The basic premise is to find the odd one out (weight-wise) in a group of 12 objects. One object has a different weight than the others. Using the balancebeam scale three times, find out which one is which.

How would I even begin to go about this question? It's stumped me for over an hour. You are capable of weighing multiple.

Answer 1

Label your rabbits from $1$ to $12$.

First, scale $1-4$ against $5-8$.

• If they are the same, the odd one is within $9-12$. In that case scale $9-11$ against $1-3$.

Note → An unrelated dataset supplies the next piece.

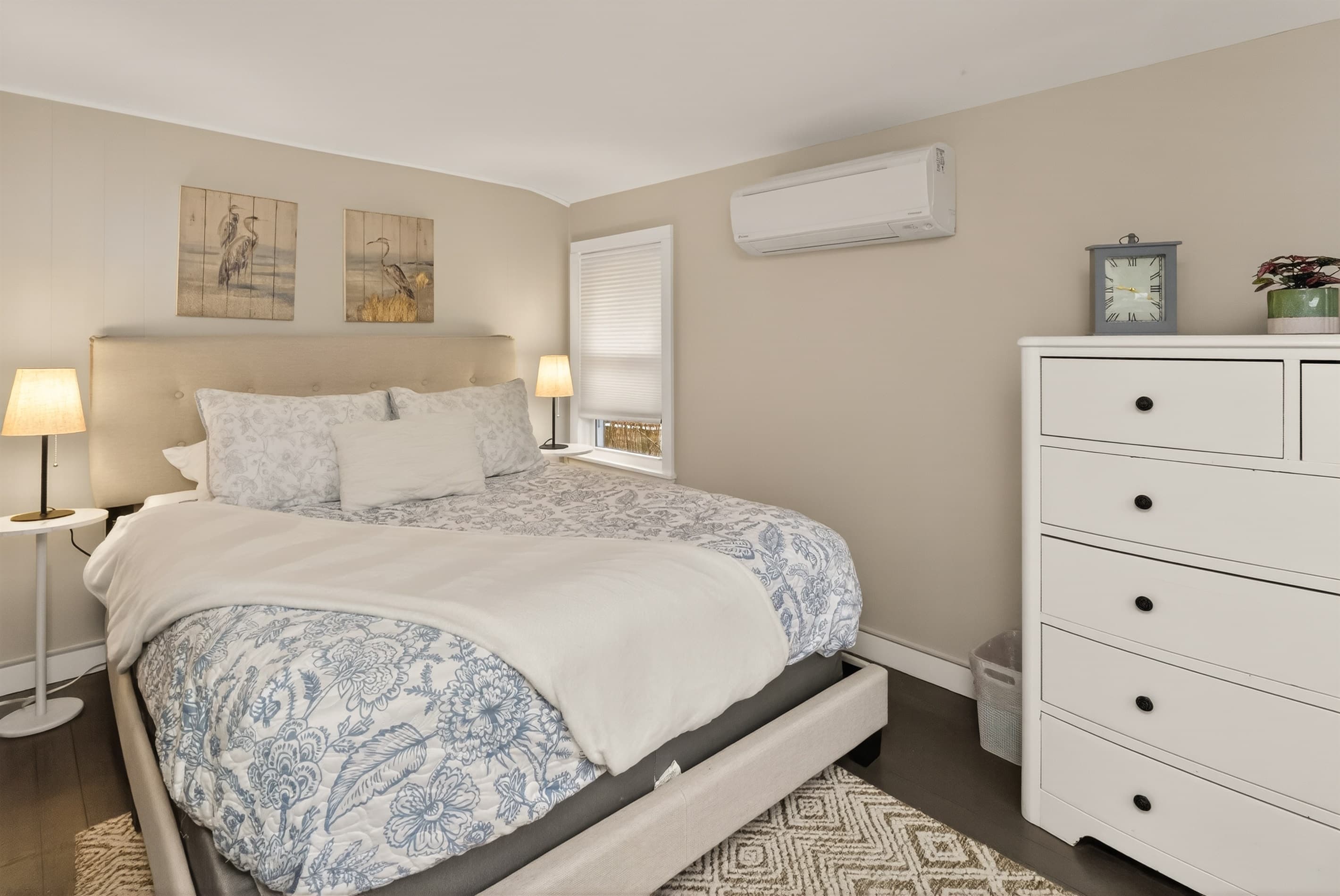 Bedroom with patterned bedding and dresser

  • If they are the same, $12$ is the odd one and one more try will tell you if it's over or underweight.
  • If they are different, the odd one is within $9-11$ and you know if it's under/overweight since $1-3$ are good. Just scale $9$ against $10$ now.

• If $1-4$ and $5-8$ are different (say $5-8$ heavier), you know that whenever you find out who is the odd one you will automatically know whether it's over or underweight.

  Now is the tricky one

  Weigh $1-3$ and $5$ together against $4$ and $9-11$ (the last three are normals).

  • If $1-3$ and $5$ go down, it can only be because of $5$ being heavier or $4$ being lighter; the last try will easily tell which (eg $5$ against $12$).

  • If they go up, the odd one is amongst $1-3$ and you find out which by scaling $1$ against $2$.

  • If it stays still, the odd one is amongst $6-8$ and you scale $6$ against $7$.